[[ Exercise data, beginning ]]

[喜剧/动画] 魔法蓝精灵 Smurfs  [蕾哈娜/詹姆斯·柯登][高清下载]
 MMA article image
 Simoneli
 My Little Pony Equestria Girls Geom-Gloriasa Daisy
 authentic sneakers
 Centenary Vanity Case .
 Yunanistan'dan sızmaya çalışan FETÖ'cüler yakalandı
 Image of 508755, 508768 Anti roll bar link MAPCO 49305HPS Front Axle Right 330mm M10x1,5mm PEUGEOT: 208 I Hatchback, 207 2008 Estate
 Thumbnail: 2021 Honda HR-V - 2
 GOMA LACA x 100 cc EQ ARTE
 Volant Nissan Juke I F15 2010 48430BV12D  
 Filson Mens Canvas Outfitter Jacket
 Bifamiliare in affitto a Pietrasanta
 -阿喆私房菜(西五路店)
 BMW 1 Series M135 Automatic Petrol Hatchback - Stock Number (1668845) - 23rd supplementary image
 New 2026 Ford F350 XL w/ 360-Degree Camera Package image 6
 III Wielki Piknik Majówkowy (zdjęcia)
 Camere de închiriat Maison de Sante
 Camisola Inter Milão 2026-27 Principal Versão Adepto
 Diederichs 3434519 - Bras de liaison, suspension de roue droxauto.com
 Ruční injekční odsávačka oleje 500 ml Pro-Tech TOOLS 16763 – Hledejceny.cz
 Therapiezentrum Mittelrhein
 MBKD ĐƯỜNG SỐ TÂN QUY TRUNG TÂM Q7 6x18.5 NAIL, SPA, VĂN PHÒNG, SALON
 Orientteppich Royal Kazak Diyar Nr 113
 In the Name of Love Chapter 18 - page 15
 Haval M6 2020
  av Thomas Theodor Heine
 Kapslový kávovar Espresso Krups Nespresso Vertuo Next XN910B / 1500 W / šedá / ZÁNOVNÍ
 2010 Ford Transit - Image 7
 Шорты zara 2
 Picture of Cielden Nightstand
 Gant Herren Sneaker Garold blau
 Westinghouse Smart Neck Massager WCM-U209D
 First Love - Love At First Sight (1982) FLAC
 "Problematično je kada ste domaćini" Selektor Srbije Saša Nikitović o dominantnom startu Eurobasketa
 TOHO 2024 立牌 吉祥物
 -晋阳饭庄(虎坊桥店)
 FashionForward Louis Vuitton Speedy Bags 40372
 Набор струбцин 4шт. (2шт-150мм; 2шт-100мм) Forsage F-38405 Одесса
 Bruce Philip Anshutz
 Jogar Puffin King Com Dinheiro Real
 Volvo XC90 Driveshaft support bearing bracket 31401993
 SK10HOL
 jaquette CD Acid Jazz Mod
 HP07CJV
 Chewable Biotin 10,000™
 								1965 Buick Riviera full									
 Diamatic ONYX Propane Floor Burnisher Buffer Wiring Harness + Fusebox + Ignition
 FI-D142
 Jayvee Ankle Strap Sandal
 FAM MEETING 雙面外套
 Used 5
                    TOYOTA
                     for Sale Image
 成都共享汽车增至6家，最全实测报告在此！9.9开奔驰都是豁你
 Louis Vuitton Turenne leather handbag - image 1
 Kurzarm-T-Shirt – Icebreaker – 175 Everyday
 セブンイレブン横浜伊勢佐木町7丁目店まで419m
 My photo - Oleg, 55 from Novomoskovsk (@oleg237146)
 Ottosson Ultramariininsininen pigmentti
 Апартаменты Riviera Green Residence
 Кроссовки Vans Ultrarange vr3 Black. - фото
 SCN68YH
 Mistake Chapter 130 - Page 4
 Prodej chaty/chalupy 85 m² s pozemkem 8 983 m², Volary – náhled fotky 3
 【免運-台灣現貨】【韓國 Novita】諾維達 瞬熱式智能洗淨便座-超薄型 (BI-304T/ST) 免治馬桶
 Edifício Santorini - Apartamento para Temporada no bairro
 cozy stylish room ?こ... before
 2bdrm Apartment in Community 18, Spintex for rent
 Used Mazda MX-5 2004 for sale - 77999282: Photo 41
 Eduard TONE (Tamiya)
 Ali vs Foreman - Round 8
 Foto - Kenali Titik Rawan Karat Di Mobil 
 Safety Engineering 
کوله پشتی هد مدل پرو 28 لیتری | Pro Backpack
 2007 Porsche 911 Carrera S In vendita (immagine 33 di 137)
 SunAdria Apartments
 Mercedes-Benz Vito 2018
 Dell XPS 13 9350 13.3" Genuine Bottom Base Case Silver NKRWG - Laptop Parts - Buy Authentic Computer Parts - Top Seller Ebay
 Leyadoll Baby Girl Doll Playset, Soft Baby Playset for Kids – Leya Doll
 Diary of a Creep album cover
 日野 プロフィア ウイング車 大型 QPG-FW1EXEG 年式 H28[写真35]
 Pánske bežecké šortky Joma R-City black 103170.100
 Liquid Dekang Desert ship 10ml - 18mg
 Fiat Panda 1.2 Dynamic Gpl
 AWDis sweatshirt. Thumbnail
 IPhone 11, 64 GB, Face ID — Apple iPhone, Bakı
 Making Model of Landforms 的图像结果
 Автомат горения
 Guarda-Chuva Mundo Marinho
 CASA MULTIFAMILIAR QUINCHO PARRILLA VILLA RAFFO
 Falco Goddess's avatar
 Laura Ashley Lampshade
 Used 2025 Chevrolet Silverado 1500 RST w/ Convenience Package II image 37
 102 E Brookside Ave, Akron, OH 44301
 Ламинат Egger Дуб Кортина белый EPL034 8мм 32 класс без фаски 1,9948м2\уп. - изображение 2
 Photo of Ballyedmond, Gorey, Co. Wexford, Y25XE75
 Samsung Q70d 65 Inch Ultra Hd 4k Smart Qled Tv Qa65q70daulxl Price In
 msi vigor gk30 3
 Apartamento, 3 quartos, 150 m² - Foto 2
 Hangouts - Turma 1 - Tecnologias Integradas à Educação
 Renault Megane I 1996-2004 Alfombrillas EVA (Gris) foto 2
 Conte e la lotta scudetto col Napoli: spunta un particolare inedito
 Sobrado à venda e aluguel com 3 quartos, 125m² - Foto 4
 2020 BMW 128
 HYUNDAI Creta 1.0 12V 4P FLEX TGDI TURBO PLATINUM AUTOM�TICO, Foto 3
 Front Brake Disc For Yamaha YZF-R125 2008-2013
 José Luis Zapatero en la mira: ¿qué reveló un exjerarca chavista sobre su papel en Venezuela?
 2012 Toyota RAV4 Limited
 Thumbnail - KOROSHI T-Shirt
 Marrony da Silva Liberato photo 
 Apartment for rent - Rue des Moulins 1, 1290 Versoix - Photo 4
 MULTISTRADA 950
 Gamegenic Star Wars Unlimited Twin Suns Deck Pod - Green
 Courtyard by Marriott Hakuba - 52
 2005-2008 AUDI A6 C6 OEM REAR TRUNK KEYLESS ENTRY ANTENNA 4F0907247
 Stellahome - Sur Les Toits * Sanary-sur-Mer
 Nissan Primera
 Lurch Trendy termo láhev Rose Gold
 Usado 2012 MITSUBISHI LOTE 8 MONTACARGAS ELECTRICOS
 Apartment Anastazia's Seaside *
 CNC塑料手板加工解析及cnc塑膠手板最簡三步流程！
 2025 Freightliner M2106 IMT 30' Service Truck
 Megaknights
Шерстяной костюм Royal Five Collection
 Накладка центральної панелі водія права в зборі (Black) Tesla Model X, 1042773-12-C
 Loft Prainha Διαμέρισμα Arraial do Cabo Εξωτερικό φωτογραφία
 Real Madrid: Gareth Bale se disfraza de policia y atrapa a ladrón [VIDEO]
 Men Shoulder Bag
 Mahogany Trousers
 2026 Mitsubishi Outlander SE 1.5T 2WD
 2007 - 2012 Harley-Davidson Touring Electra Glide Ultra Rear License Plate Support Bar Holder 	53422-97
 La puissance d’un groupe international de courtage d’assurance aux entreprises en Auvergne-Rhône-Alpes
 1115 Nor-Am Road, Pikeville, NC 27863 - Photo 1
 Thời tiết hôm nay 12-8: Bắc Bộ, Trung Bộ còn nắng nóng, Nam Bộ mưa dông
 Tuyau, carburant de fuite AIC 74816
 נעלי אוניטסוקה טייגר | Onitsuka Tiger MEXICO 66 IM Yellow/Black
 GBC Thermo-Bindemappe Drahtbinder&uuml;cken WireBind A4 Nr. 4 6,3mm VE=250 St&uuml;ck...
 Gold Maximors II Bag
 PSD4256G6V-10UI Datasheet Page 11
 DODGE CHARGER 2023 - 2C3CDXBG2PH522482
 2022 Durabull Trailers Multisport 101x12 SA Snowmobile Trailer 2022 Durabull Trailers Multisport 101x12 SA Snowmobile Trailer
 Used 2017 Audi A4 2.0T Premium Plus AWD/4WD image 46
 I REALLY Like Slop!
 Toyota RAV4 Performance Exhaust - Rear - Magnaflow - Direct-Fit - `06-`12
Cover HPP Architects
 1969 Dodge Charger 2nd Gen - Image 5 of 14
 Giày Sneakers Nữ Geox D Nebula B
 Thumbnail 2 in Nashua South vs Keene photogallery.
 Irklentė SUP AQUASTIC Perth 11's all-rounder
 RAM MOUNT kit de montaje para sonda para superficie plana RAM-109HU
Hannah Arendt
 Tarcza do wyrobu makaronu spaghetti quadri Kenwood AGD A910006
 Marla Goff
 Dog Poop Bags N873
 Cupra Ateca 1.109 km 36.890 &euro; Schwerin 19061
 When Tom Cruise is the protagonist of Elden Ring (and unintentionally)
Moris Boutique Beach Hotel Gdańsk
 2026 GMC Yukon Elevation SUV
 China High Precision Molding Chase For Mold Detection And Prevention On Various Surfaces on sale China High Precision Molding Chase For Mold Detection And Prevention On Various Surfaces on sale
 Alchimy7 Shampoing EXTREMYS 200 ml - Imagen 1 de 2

[[ Exercise data, end ]]

◆ What is being asked:
The required output is the stretch of entries above from the line containing "GOMA LACA x 100 cc EQ ARTE" through the line containing "MBKD ĐƯỜNG SỐ", reproduced exactly.

◆ Response area:
 GOMA LACA x 100 cc EQ ARTE
 Volant Nissan Juke I F15 2010 48430BV12D  
 Filson Mens Canvas Outfitter Jacket
 Bifamiliare in affitto a Pietrasanta
 -阿喆私房菜(西五路店)
 BMW 1 Series M135 Automatic Petrol Hatchback - Stock Number (1668845) - 23rd supplementary image
 New 2026 Ford F350 XL w/ 360-Degree Camera Package image 6
 III Wielki Piknik Majówkowy (zdjęcia)
 Camere de închiriat Maison de Sante
 Camisola Inter Milão 2026-27 Principal Versão Adepto
 Diederichs 3434519 - Bras de liaison, suspension de roue droxauto.com
 Ruční injekční odsávačka oleje 500 ml Pro-Tech TOOLS 16763 – Hledejceny.cz
 Therapiezentrum Mittelrhein
 MBKD ĐƯỜNG SỐ TÂN QUY TRUNG TÂM Q7 6x18.5 NAIL, SPA, VĂN PHÒNG, SALON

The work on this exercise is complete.